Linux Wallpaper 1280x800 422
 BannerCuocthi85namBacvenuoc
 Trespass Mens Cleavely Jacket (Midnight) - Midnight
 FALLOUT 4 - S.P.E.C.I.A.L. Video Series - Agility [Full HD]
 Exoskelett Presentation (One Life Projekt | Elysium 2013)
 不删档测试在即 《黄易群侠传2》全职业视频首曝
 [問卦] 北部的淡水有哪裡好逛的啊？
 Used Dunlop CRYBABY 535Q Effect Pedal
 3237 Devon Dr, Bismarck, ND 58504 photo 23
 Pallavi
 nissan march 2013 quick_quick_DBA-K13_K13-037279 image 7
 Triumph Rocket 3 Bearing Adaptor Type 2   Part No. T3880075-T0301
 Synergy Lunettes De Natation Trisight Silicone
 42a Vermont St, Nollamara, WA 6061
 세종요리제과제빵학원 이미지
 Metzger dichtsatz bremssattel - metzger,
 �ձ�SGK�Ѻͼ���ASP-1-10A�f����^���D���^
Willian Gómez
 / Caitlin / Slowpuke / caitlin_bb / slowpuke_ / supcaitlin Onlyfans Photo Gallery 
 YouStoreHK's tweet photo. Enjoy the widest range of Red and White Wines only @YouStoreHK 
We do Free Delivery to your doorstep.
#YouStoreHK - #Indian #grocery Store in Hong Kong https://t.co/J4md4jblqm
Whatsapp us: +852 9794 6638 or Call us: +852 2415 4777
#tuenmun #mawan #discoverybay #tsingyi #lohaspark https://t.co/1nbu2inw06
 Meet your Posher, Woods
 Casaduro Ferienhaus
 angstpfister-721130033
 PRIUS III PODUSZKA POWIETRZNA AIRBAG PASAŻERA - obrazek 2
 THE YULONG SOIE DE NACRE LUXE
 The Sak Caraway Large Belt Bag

Your instructions
Transcribe all of the material above with complete accuracy.

Response
Linux Wallpaper 1280x800 422
 BannerCuocthi85namBacvenuoc
 Trespass Mens Cleavely Jacket (Midnight) - Midnight
 FALLOUT 4 - S.P.E.C.I.A.L. Video Series - Agility [Full HD]
 Exoskelett Presentation (One Life Projekt | Elysium 2013)
 不删档测试在即 《黄易群侠传2》全职业视频首曝
 [問卦] 北部的淡水有哪裡好逛的啊？
 Used Dunlop CRYBABY 535Q Effect Pedal
 3237 Devon Dr, Bismarck, ND 58504 photo 23
 Pallavi
 nissan march 2013 quick_quick_DBA-K13_K13-037279 image 7
 Triumph Rocket 3 Bearing Adaptor Type 2   Part No. T3880075-T0301
 Synergy Lunettes De Natation Trisight Silicone
 42a Vermont St, Nollamara, WA 6061
 세종요리제과제빵학원 이미지
 Metzger dichtsatz bremssattel - metzger,
 �ձ�SGK�Ѻͼ���ASP-1-10A�f����^���D���^
Willian Gómez
 / Caitlin / Slowpuke / caitlin_bb / slowpuke_ / supcaitlin Onlyfans Photo Gallery 
 YouStoreHK's tweet photo. Enjoy the widest range of Red and White Wines only @YouStoreHK 
We do Free Delivery to your doorstep.
#YouStoreHK - #Indian #grocery Store in Hong Kong https://t.co/J4md4jblqm
Whatsapp us: +852 9794 6638 or Call us: +852 2415 4777
#tuenmun #mawan #discoverybay #tsingyi #lohaspark https://t.co/1nbu2inw06
 Meet your Posher, Woods
 Casaduro Ferienhaus
 angstpfister-721130033
 PRIUS III PODUSZKA POWIETRZNA AIRBAG PASAŻERA - obrazek 2
 THE YULONG SOIE DE NACRE LUXE
 The Sak Caraway Large Belt Bag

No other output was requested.